The challenge I think is having those “dials” be ones that artists can work with. That means exposing the right parameters (and not exposing others), and also naming those controls in ways that make sense to non-scientists. Call it “metalness” not “conductor” or “highlight size” not “coefficient” and so on.


Chroma-preserving not Saturation-preserving

I have a hunch that there may not need to be an either/or approach to the “going to white” vs “chroma preserving” debate, but instead a both/and approach possible.

For example here’s a side-by-side of an ARRI image with TCAMv2 on top and OpenDRT below. Working space in Nuke is ACEScg. Image is exposed 2.1 stops.

Both TCAM and OpenDRT are chroma-preserving. But notice how the OpenDRT is staying a lot more saturated on the woman’s face in comparison to TCAM.

So the question for me is, could the OpenDRT be made to act more like the TCAM, where it loses saturation with increased brightness?

Here’s another example side-by-side. Again the man’s face is keeping saturation on the bottom image, looking almost as if the colors are clipping (they are not, but the saturated colors make it appear to, at least to my eyes).

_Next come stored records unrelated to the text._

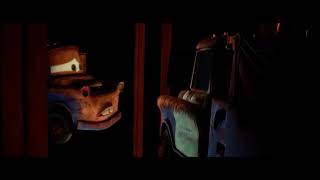 Disney Pixar Cars 2 Maters Nightmare [upl. by Bucky97]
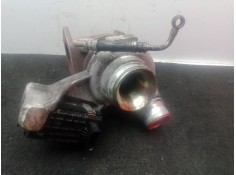 Recambio de turbocompresor para bmw 1 (e81) 118 d referencia OEM IAM 7800594 TOC: 911956 GARRETT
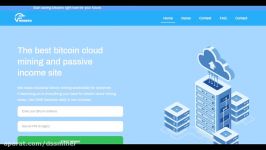      dssminer.com    freemining New Free Bitcoin Mining website 202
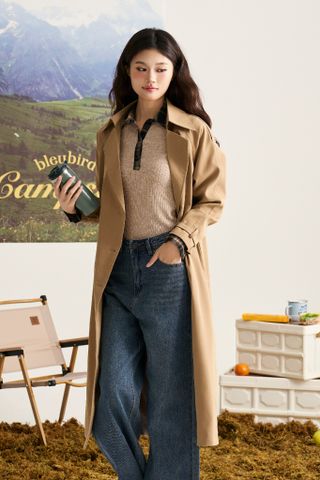 Richie Trenchcoat -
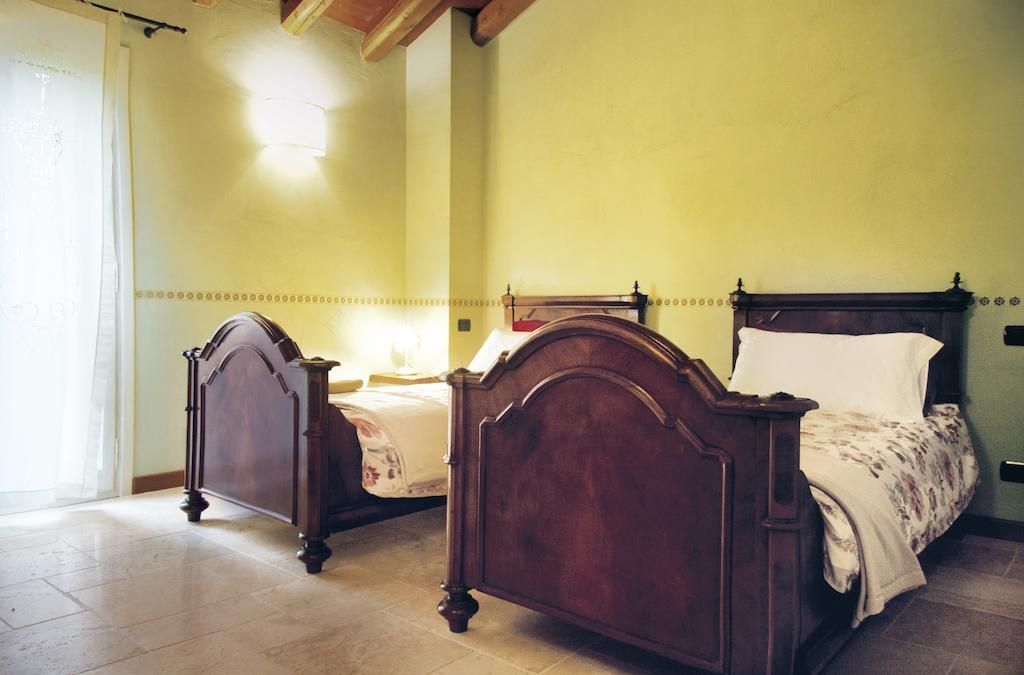 Couette-café Casa Carrer *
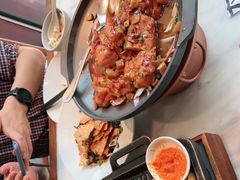 -大鱼徽州·寻味徽菜(星光总店)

Again, apologies if I am doing something wrong here in these tests. My eyes are better than my mouth, so I feel that I can see things, but it’s challenging for me to identify and articulate precisely what I am seeing. So I appreciate your patience with me as a stumble towards a analysis, and am putting these images up here in the hopes that others will be able to analyze and articulate what’s going on better than I.

Red Shift

I’m also noting a shift in red in both TCAM and OpenDRT compared to ACES. I’ve done a quick gamma adjustment on this image to better illustrate the color differences.

Observe how the yellow pepper is turning orange in TCAM and OpenDRT. Similarly the white wall is turning orange.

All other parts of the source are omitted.